With desperately sung vocals, full dirty ringing chords, and steady rhythmic basslines, Malady's brand of screamo-esque/post-hardcore is actually a little more structured. Not exactly metal, but definitely aggressive. If you're familiar with the Level Plane roster you might have a better idea of what this is. I personally really enjoy it and find myself shamed just a slight bit over this fact. It's gritty with a nervous energy, yet retains a bit of catchiness. They are able to bring things down a bit, like in the second track, "Yeah", using sort of a mumbled soft singing before breaking back into that strained yelp. There's some outstanding distant sounding guitar melodies during "The World Is A Tomb" that might actually remind you of a bit of some of the older shoegazing bands. The omnipresent frantic guitar strumming builds up some fairly amazing passages, like on "Said Simone", one of the stronger tracks on the release.
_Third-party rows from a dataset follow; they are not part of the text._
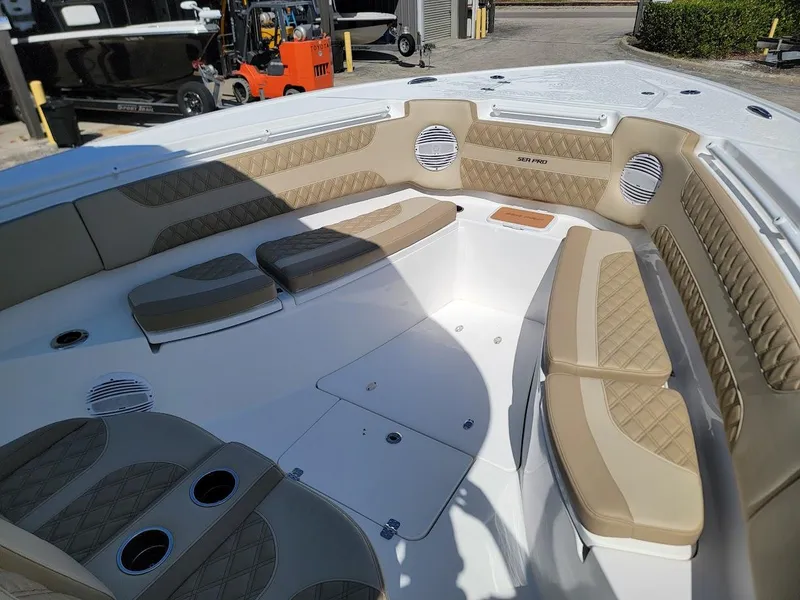 Slide: The Image of 2025 Sea Pro 322 DLX boat interior with cushioned seating and cup holders. - 22
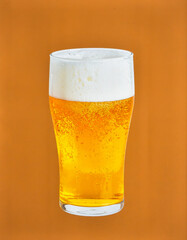 Cold Beer with Foam in Transparent Glass Isolated on Brown Background for Alcohol Beverage Object and Pub Drink Concept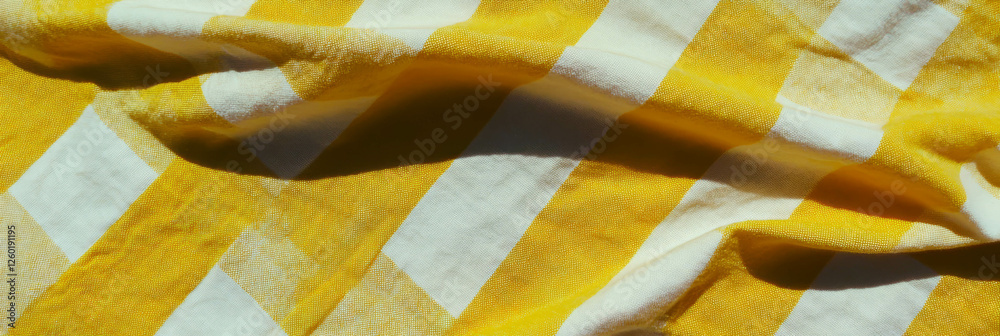 Poster crisp texture of yellow gingham tablecloth evokes warmth and charm in any setting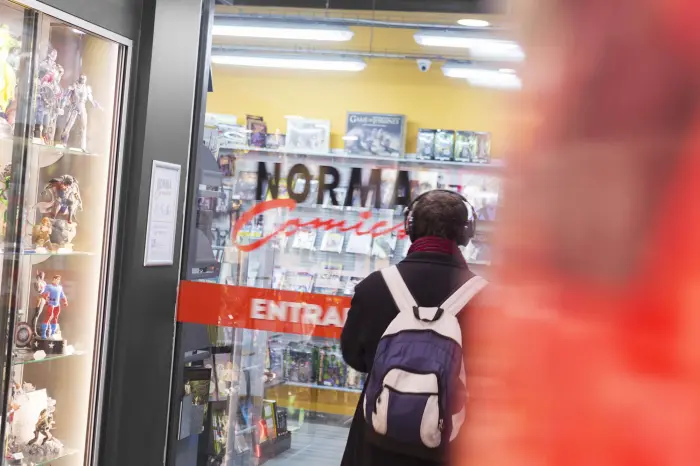 Una persona con mochila entra a una tienda con el letrero “NORMA” y “ENTRADA”.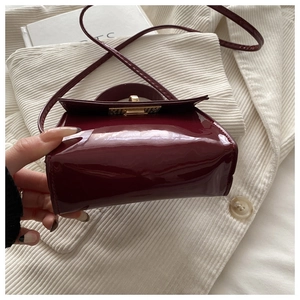 Nahaufnahme der burgunderroten Lackledertasche mit goldener Schnalle auf weißem Blazer
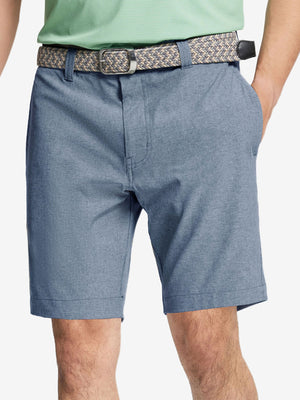 Front view of youth wearing dark blue Heather Performance Golf Shorts, showing fit and style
When the album ends with melancholy keyboards, it actually feels fulfilling. You're not left wanting more, but you're glad you sat through what you just sat through.
I think this is a great album, but I don't think many of the readers of this site will agree necessarily. It's not mindblowing or anything, but it's a solid, unique, and honest effort that I really feel outshines some of the work of their former bands. It's less meandering and more tasteful. If by any chance a fan of City of Caterpillar or Pg. 99 happens to stumble across this site, they'll probably already have this, anyway. Otherwise, if you're a metalhead that isn't a narrow-minded idiot with a penchant for creative, emotional, and jangly post-hardcore bands, take a chance with Malady. But if you don't like it, don't say I didn't warn you. I'm busy trying to figure out why people are still listening to bands like Opeth, yet can't admit to enjoying music like this.